The Cantwell-McCain bill is not an isolated development, either. In the weeks ahead of the Dec. 11 floor vote on the House financial reform bill, Demos started getting calls from members looking for ways to toughen the bill by limiting what the banks could do, McGhee said. None of the resulting amendments made it through the House Rules Committee, however, including one from Rep. Maurice Hinchey (D-N.Y.) that would re-enact Glass-Steagall.

Hinchey introduced the amendment as a stand-alone bill the same day Cantwell and McCain introduced theirs. “The repeal of the Glass-Steagall Act was done to help large banks become enormous and to line the pockets of banking executives with more money than most Americans could ever dream of earning in their lifetime,” Hinchey said in a statement. “It was not done to help average working men and women in this country get ahead, and that was wrong.”

In the days after the House vote, House Majority Leader Steny Hoyer (D-Md.) said at a press conference that the House was discussing reimposing the banking limits. “As someone who voted to repeal Glass-Steagall, maybe that was a mistake,” Hoyer told reporters.

The effort is just the latest expansion of a populist push in Congress to beat back the largest, most powerful financial firms.

Rep. Paul Kanjorksi (D-Pa.), who is generally seen as a rather pro-business moderate on the House Financial Services Committee, pushed language that would empower federal regulators to pre-emptively break up large financial institutions that posed a risk to the economy, even if they were currently healthy. Progressive activists say the final language included in the House bill is actually not as tough as it sounds, but the financial industry nonetheless hates it.
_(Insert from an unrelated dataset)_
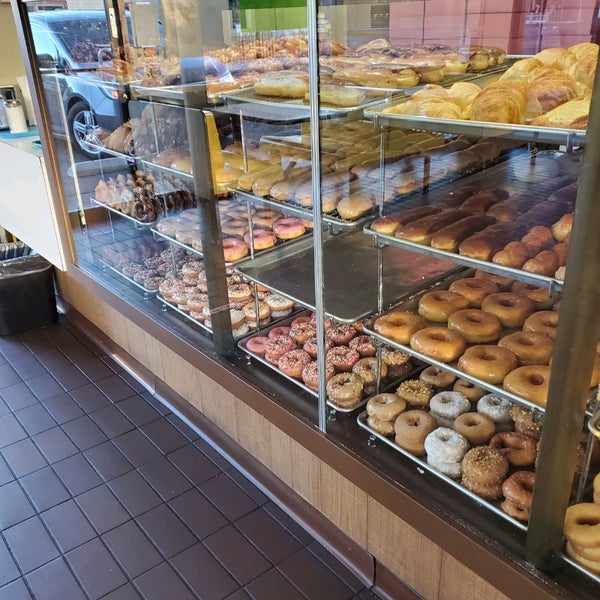 Baker Ben's Donuts 8 tips de 214 visitantes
In the Senate, Bernie Sanders (I-Vt.) introduced the “Too Big to Fail, Too Big to Exist Act,” which would require the Treasury secretary to break apart any financial institution deemed too big to fail. The Vermont independent has become a populist hero on the left and the right of the political spectrum for his crusade against Fed Chairman Ben Bernanke, a mission also rooted in his belief that the American people want a change in the way Wall Street functions, and Bernanke and the Fed he runs represent the status quo, Sanders says.
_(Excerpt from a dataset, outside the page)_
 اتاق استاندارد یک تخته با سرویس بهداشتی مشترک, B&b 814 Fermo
Both Cantwell and McCain describe their legislation in the language of Main Street’s ongoing economic angst coupled with anger at Wall Street’s return to outsize profits and bonuses.
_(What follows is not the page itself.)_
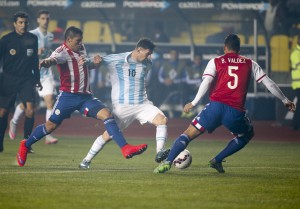 zzzznacd2 NOTICIAS ARGENTINAS CONCEPCIÓN, CHILE, JUNIO 30: Escena del partido jugado entre las selecciones de Argentina y Paraguay correspondiente a la semifinal de la Copa America.FOTO NA: JOSE BRUSCO-DPzzzz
“The American people want us to do something about the fact that capital is [not] flowing down to them. It is flowing in a direction that is making Wall Street huge profits. Nothing wrong with making profit, but this consolidation has squeezed the American public out of needed capital. And I think that capital could be going to investment in technology, to new business start-ups, to things that are about the ingenuity of America, not the ingenuity of toxic assets,” Cantwell said on MSNBC.

They also describe the legislation as a way to ensure that giant firms aren’t so big that they can gamble themselves again into the kind of trouble that requires taxpayer bailouts.

It remains unclear if any of these populist measures will make it into law, but some of the advocates following the financial reform process believe interest from members in such measures will only increase as jobs and the economy take center stage in the Senate and the 2010 election draws closer.

“This will be one of the hottest issues in the election,” predicted Heather Booth, director of Americans for Financial Reform, a coalition of consumer, labor and other pro-reform activists. “And the dividing line will be, Are you for Wall Street and the biggest banks, or are you for Main Street and real reform?”